Im currently hyper parameter tuning my model and returning the model with the least amount of error. Before I start the hyper parameter tuning process I ensure my validation and test data is is weighted correctly by removing columns they may occur the most. This is that code
#Get the weight
vali_weight = np.unique(y_validation, return_counts=True)[1]
test_weight = np.unique(y_test, return_counts=True)[1]
#Calculate how many need to removed
vali_remove_count = vali_weight[0] - vali_weight[1]
test_remove_count = test_weight[0] - test_weight[1]
#Re-merge data
#Validation
xv = X_validation.copy()
xv["TARGET"] = y_validation
xv = xv.drop(xv.query('TARGET == 0').sample(vali_remove_count).index)
#Test
xt = X_test.copy()
xt["TARGET"] = y_test
xt = xt.drop(xt.query('TARGET == 0').sample(test_remove_count).index)
#Re-split data
y_validation = xv["TARGET"]
xv.drop(columns=["TARGET"], inplace=True)
X_validation = xv.copy()
y_test = xt["TARGET"]
xt.drop(columns=["TARGET"], inplace=True)
X_test = xt.copy()
#Get the weight
vali_weight = np.unique(y_validation, return_counts=True)[1]
test_weight = np.unique(y_test, return_counts=True)[1]

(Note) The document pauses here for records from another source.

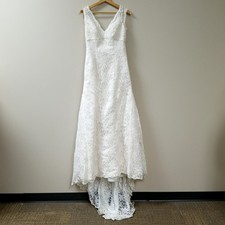 David's Bridal Ivory Wedding Dress #T9612 Size 6 Trumpet V-Neck Beaded Lace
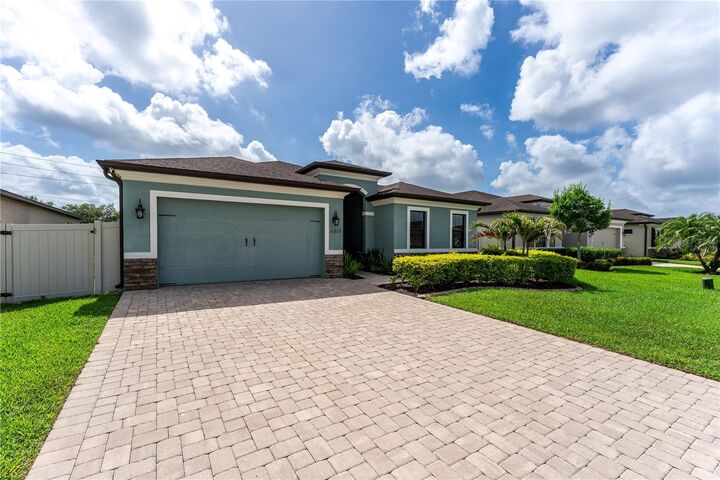 Property Photo:  6619 35th Court E  FL 34243 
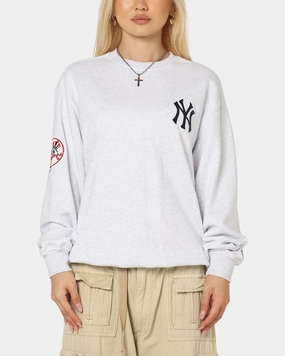 New Era New York Yankees MLB Team Logo Crewneck Grey Knitted Design Relaxed Silhouette
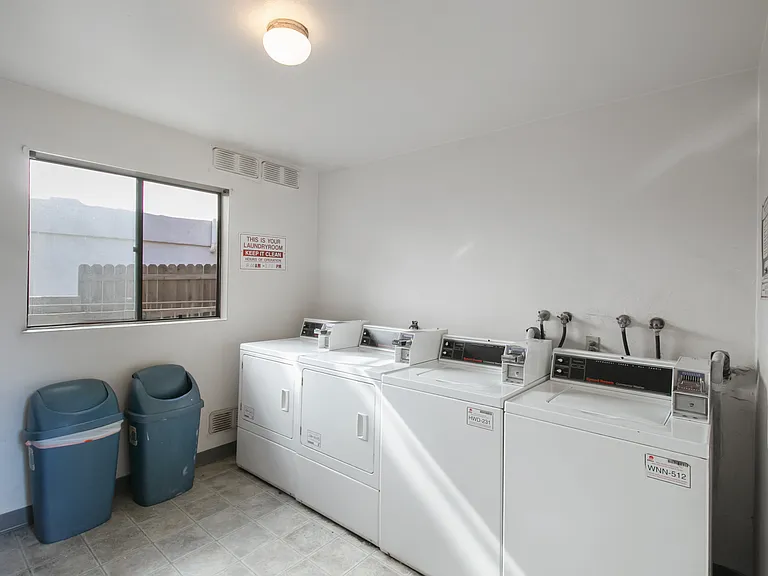 1169 Rosedale Ave #208 — Photo 17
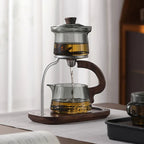 Théière Magnétique en Verre avec Tasse sur une table 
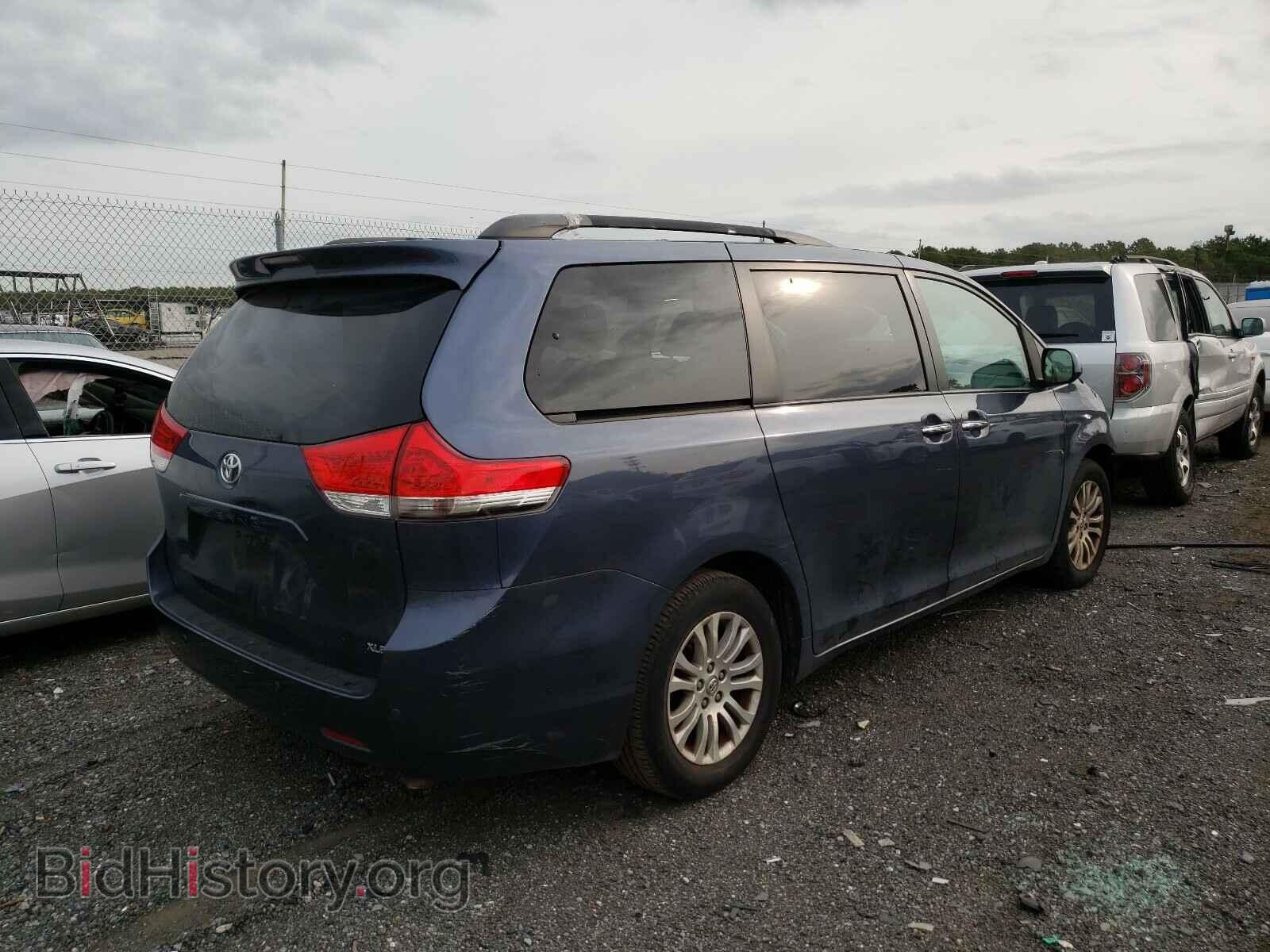 2013 TOYOTA SIENNA - VIN: 5TDYK3DC8DS381120 - Фото 4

In terms of the training data im using sample weights during the training process
sample_weights = compute_sample_weight(class_weight='balanced', y=y_train)
After this step is complete i train another model with the best parameters found during the tuning to validate everything is correct.
clf=XGBClassifier(objective = "binary:logistic",
booster="gbtree",
max_depth = bp['max_depth'],
gamma = bp['gamma'],
max_leaves = bp['max_leaves'],
reg_alpha = bp['reg_alpha'],
reg_lambda = bp['reg_lambda'],
colsample_bytree = bp['colsample_bytree'],
min_child_weight = bp['min_child_weight'],
learning_rate = bp['learning_rate'],
n_estimators = 200,#bp['n_estimators'],
subsample = bp['subsample'],
random_state = bp['seed'])
sample_weights = compute_sample_weight(class_weight='balanced',
y=y_train)
evaluation = [(x_train, y_train), (x_validation, y_validation)]
clf.set_params(
eval_metric=['aucpr', 'logloss'],
early_stopping_rounds=100
).fit(x_train, y_train,
sample_weight=sample_weights,
eval_set=evaluation, verbose=True)
train_pred = clf.predict(x_train)
vali_pred = clf.predict(x_validation)
test_pred = clf.predict(x_test)
train_err = mean_absolute_error(y_train, train_pred)
train_auc = accuracy_score(y_train, train_pred)
vali_err = mean_absolute_error(y_validation, vali_pred)
vali_auc = accuracy_score(y_validation, vali_pred)
test_err = mean_absolute_error(y_test, test_pred)
test_auc = accuracy_score(y_test, test_pred)
print(f"Train MAE: {train_err}")
print(f"Train ACC: {train_auc}")
print("--------------------------")
print(f"Validation MAE: {vali_err}")
print(f"Validation ACC: {vali_auc}")
print("--------------------------")
print(f"Test MAE: {test_err}")
print(f"Test ACC: {test_auc}")
print("--------------------------")
print(classification_report(y_test, test_pred))
I am consistently getting very little to no movement on my validation logloss but i can see my training data is doing as expected. Without looking at my data (its private) what could be the cause of this issue?